Friday, September 24, 2010

Delicious GIS

I wanted to find out what was currently of most interest to those using GIS. This got me thinking, how can I do this without adding a poll to my blog and in a way that would be most representative. After a little research and a little thought I went to the delicious website, typed in GIS and I was actually quite surprised by the results.

Delicious is a bookmarking web site where you can save your bookmark to websites of interest to you and access them from anywhere where you can access the web. A great idea especially if you float around from place to place. But thats not the end of it, delicious as a result are able to turn this on its head and it is possible to use such information to provide information like what is the most bookmarked site.

Programming Collective Intelligence: Building Smart Web 2.0 ApplicationsCurrently at the top is OpenStreetMap, which in retrospect shouldn't be a great surprise with it being one of the highlights as far as background mapping goes of this year. But it did surprise me, I somewhat blindly believed that it would be something like support.esri.com which, for anyone who has delved in ArcObjects will know, is probably one of your most commonly visited sites when trying to debug ArcObjects. From here this got me thinking, delicious not only simply collate the number of common bookmarks they can also tell you a lot about a person like what our hobbies and interests might be, and maybe even delve deeper into what sort of films we like and dislike - something google has built its empire on with those content specific ads. This is the world of collective intelligence.

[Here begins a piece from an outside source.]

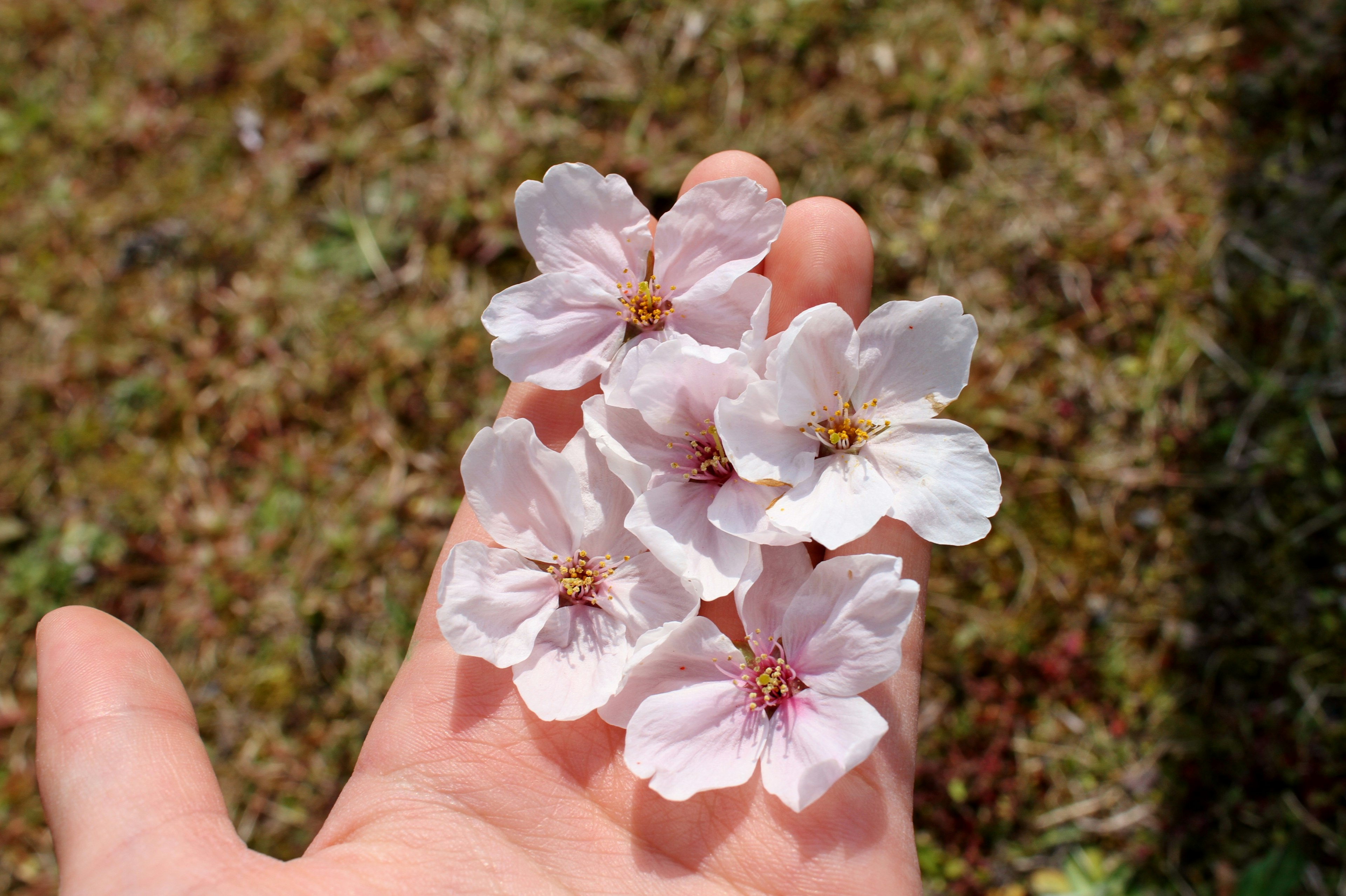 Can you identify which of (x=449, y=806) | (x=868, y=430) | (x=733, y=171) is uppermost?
(x=733, y=171)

So what can GIS do to help with this you might say but just think for a moment, we already use it to help for example supermarkets understand their market place. They can tell you what you bought and when you bought it and many will not be surprised to know that this information is used as a supermarkets character reference about what you like and dislike and by using your address information they are able to build up a complete picture of the market around each of their stores and what attracts their customers.

Extending this further into the likes of location mapping and location based services, if advertisers could tell where you went they could also place ads in locations where people that might be interested in their product are more likely to see it. As smart mobiles become mainstream advertisers will be able to show you adverts that are location specific like the chinese across the road that has a two for one offer on today. Scary prospect?